**Task description:**
Beginning with the first line of the data below, set down each line exactly through the line that contains "Prada Leather Boots".

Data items
::::
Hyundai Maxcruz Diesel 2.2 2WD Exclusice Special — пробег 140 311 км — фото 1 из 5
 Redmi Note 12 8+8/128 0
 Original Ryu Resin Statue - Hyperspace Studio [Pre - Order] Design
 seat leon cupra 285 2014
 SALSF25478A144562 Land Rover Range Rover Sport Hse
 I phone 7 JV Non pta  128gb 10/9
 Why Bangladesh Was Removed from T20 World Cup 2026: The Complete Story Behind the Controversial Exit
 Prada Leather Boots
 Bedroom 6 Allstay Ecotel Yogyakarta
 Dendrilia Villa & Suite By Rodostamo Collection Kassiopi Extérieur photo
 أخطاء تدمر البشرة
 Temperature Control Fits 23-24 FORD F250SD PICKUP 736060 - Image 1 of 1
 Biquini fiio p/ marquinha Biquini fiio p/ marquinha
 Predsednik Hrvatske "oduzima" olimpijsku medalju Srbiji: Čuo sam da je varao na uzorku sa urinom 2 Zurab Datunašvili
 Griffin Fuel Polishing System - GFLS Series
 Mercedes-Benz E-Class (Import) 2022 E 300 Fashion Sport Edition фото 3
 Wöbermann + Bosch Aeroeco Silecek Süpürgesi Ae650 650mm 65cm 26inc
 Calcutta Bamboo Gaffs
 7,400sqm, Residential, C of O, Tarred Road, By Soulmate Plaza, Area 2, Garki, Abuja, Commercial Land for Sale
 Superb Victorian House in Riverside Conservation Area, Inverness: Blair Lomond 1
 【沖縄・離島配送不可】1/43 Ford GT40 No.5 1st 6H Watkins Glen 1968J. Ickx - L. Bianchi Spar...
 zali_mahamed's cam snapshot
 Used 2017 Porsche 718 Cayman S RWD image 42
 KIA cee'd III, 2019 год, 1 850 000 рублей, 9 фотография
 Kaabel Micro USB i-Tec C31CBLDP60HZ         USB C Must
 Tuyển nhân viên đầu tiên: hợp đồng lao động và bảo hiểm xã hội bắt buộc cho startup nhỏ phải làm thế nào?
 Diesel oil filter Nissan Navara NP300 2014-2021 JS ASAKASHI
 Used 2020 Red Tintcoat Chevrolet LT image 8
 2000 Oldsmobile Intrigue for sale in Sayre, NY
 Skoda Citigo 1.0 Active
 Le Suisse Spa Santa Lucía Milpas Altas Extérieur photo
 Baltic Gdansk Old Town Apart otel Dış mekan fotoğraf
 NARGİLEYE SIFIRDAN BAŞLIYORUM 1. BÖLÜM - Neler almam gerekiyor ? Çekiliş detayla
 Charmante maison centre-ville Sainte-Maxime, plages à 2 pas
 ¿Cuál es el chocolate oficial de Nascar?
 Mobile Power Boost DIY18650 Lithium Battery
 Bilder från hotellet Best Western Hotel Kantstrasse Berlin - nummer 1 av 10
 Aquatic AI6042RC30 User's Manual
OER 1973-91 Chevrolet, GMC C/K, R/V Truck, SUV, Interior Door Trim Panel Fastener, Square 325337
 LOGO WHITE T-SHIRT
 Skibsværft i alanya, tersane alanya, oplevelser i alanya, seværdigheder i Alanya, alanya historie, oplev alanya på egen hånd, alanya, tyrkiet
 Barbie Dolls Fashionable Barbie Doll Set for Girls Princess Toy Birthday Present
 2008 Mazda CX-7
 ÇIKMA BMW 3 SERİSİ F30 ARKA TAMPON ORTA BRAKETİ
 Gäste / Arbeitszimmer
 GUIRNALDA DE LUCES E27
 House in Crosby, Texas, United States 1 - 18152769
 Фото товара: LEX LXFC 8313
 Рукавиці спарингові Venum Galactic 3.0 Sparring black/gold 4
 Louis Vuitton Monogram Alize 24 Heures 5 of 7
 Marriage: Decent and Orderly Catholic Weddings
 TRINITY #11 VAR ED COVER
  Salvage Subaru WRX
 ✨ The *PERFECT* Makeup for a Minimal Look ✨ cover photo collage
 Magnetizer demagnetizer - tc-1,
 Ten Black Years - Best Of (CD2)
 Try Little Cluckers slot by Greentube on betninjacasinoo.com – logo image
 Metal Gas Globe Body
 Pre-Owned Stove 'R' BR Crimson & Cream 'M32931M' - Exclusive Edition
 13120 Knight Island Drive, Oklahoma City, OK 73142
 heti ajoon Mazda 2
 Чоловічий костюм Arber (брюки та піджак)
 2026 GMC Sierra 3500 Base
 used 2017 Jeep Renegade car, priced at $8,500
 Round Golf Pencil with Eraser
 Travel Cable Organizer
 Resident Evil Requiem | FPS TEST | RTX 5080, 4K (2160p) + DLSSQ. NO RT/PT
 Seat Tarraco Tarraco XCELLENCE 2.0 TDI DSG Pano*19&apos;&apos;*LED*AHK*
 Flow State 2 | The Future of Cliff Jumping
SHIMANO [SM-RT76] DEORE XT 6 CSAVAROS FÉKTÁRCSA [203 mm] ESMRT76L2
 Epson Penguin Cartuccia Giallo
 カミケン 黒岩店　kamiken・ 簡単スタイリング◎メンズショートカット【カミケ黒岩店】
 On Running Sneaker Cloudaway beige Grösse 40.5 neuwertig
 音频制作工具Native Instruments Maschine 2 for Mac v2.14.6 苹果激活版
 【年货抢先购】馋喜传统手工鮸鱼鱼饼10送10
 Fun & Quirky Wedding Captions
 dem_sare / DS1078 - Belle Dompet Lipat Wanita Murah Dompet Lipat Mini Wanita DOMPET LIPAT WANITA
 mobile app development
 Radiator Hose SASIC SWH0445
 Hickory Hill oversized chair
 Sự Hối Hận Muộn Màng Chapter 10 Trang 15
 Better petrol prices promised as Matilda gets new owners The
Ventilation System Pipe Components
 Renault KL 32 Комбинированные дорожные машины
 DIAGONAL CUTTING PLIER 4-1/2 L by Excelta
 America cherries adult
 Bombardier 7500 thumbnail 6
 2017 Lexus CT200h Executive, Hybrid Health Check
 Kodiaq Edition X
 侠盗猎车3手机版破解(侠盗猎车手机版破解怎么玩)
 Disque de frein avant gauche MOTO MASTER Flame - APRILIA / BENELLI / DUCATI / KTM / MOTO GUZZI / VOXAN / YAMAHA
::::
**Reply:**
Hyundai Maxcruz Diesel 2.2 2WD Exclusice Special — пробег 140 311 км — фото 1 из 5
 Redmi Note 12 8+8/128 0
 Original Ryu Resin Statue - Hyperspace Studio [Pre - Order] Design
 seat leon cupra 285 2014
 SALSF25478A144562 Land Rover Range Rover Sport Hse
 I phone 7 JV Non pta  128gb 10/9
 Why Bangladesh Was Removed from T20 World Cup 2026: The Complete Story Behind the Controversial Exit
 Prada Leather Boots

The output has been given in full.